## Exercise instructions
In the listing below, locate the line with "玉溪事业单位2025第二批成绩何时出？" and the line with "Image result for Evolution Simulator 2", then output both and everything between them exactly, minus any pictures.

## The input
____________
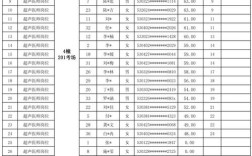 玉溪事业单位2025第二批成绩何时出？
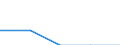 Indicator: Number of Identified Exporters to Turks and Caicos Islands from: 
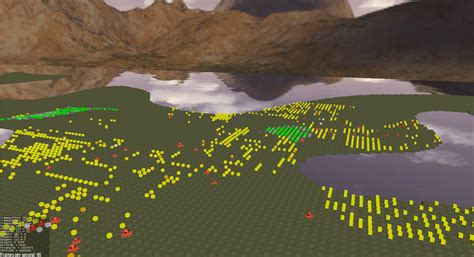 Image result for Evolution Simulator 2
____________
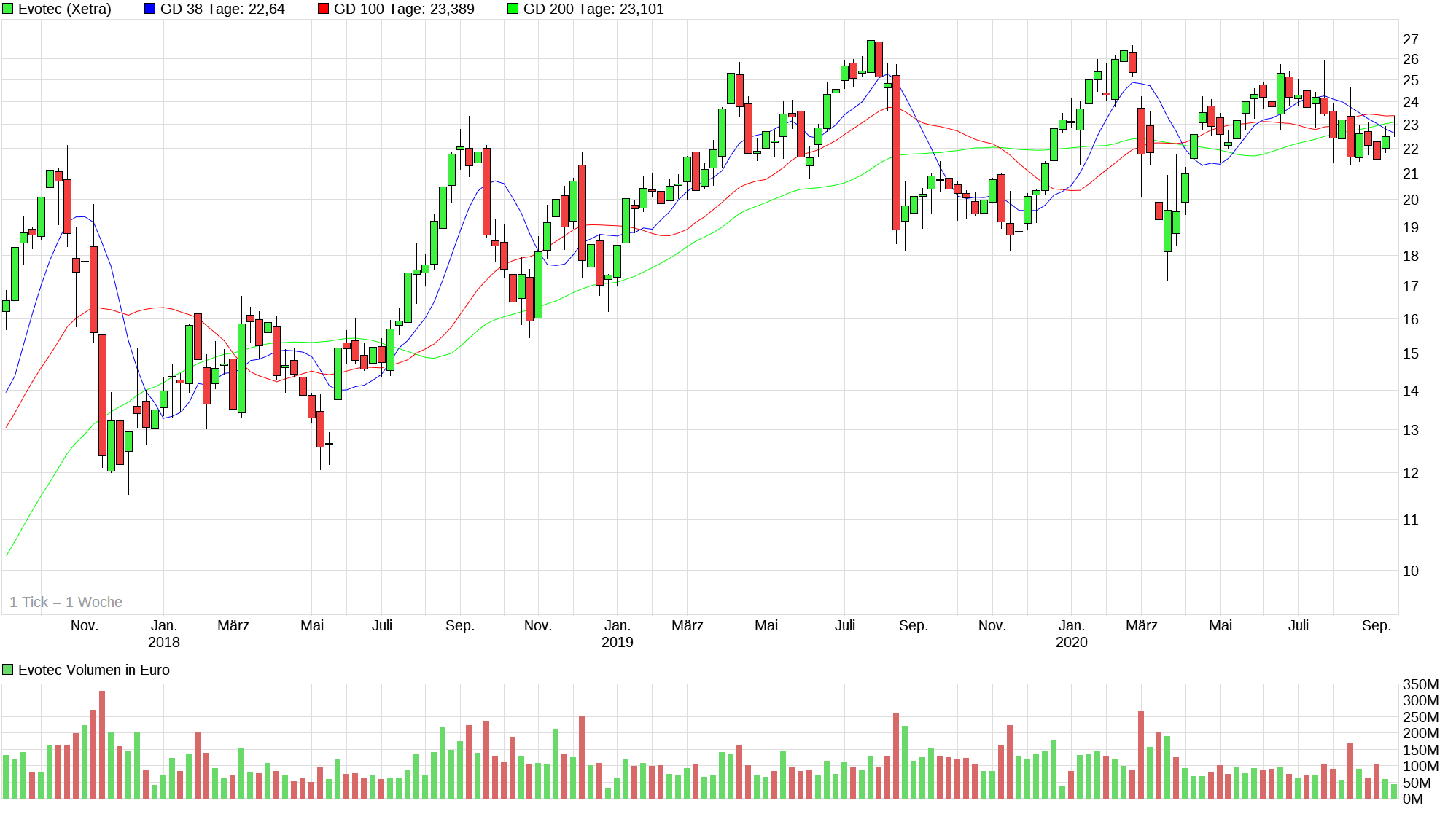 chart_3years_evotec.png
____________
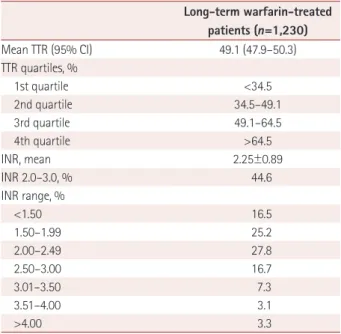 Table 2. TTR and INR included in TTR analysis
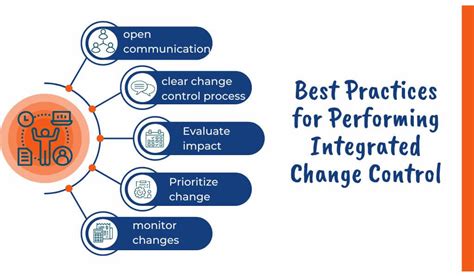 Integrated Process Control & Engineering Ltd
____________
## Task solution
 玉溪事业单位2025第二批成绩何时出？
 Indicator: Number of Identified Exporters to Turks and Caicos Islands from: 
 Image result for Evolution Simulator 2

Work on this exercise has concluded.